The Simcyp Simulator links laboratory data to in vivo ADME data and when integrated with and extended to pharmacodynamic (PD) information (how the drug effects the body) such as biomarkers or clinical efficacy and safety, is a powerful tool to support dosing decision making in new trials.

‘Designing and running clinical trials for any drug or vaccine is hugely expensive and time consuming, so there is a great need to boost efficiency, and improve the likelihood of success,’ commented Keith Nieforth, senior director, software division.

‘The Certara tools can also model drug activity at particular sites of action, and look at the physicochemical properties of that molecule in the context of other molecules with similar structure and activity, to make predictions on whether the drug will reach target tissues, such as the lung, if we consider SARS-CoV-2,’ Nieforth said.

‘In the case of Covid-19 drug development, the Certara models integrate simulations of drug pharmacokinetics and pharmacodynamics, alongside virus interaction with the host and symptoms. ‘You can then link those models together and that enables you to simulate what you think might happen in clinical trials. Ultimately, modelling and simulation can reduce the number of patients, or trial arms required, as well as evaluate the influence of other design factors on trial outcomes, and so improve the probability of success,’ added Nieforth.
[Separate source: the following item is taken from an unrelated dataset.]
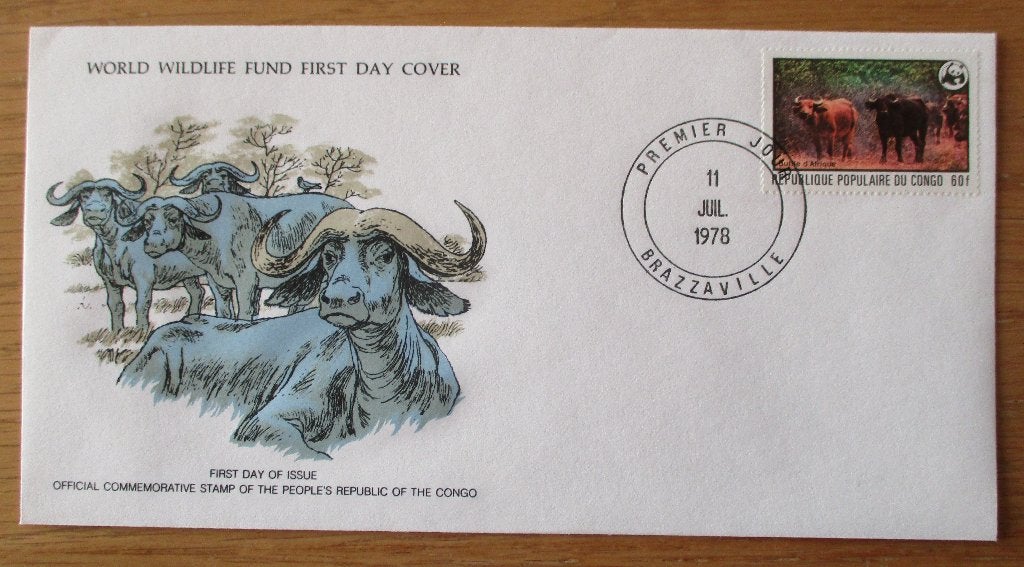 Congo, WWF FDC Afrikaanse buffel, Verzenden, Gestempeld, Dier of Natuur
In the race to develop therapeutics against COVID-19, the Simcyp Simulator has been instrumental in predicting whether it will be possible to achieve a therapeutic dose of existing drugs that were reportedly effective against the virus in the lab. ‘Hydroxychloroquine was shown to inhibit SARS-CoV-2 in lab-grown cells, but there were concerns that the plasma concentrations wouldn’t be high enough to achieve therapeutic efficacy in infected people,’ Rayner commented. ‘However, the virus accumulates in the lungs, and our simulation demonstrated that the concentration of drug that would reach the lungs would be sufficient to inhibit the virus.’

‘That data has been instrumental in opening the way to hydroxychloroquine trials that are now ongoing worldwide,’ he added. ‘The drug worked in vitro and there’s pharmacological plausibility and there’s proof of hope that it would work because it would achieve the concentrations that we think are relevant to the site of primary viral action. Within the Accelerator, we worked with the University of Washington and New York University primary investigators, to achieve hydroxychloroquine dose selection, clinical study design and institutional review board approval, in just eight days, a process that would normally take months.’
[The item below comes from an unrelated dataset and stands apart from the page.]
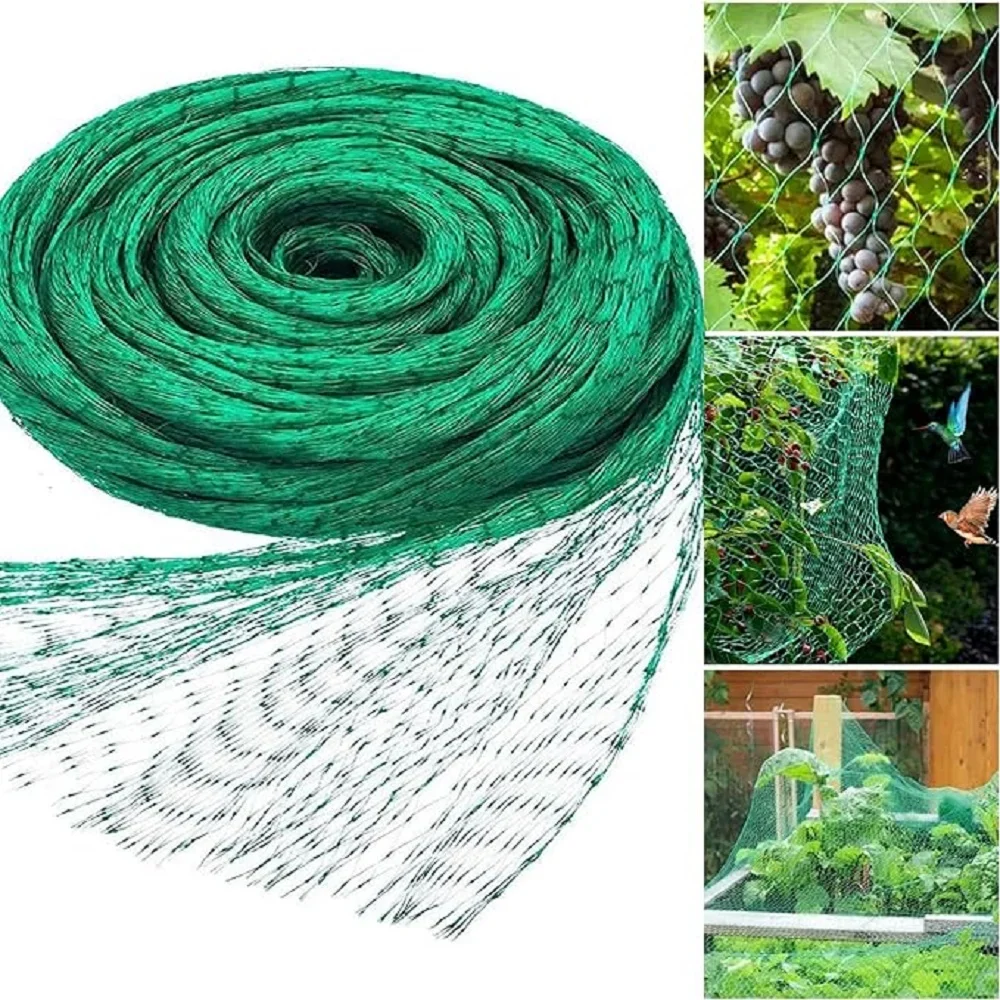 Anti Bird Protection Netting Green Woven Mesh Protect Plants Fruits Flowers Trees Stretch Fencing Durable Net Stops Birds Deer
Another existing drug that had shown potential against SARS-CoV-2 in vitro was the antiparasitic drug ivermectin, Rayner continued. ‘This is the flipside to our experience with hydroxychloroquine, as in this case Simcyp simulations indicated that the drug would not achieve sufficient lung concentration to be effective against the virus in vivo, and we argued against the start of clinical trials that would likely fail.’

‘We are learning from data emerging when is the most effective treatment point during the infection timeline. Give an antiviral drug too late, for example, and the virus has effectively finished its infectivity, and the patient is now dealing primarily with the immunological effects of the infection, which is almost a completely different ‘disease.’ What we are trying to do is to put models around viral kinetic data that is coming in from around the world, to understand the infection and viral load time course, and so simulate when to most appropriately effect therapy.’

‘Our aim has been to develop these tools to help explore, quantify, predict, and confirm,’ Nieforth said. ‘The endpoint is that they can be used together to provide recommendations that have impact. Appreciating that we have a very diverse user base, we have evolved our tools to cover the full scope of drug development and user experience, both for individual pieces of the workflow and also to tie those individual pieces together very nicely.’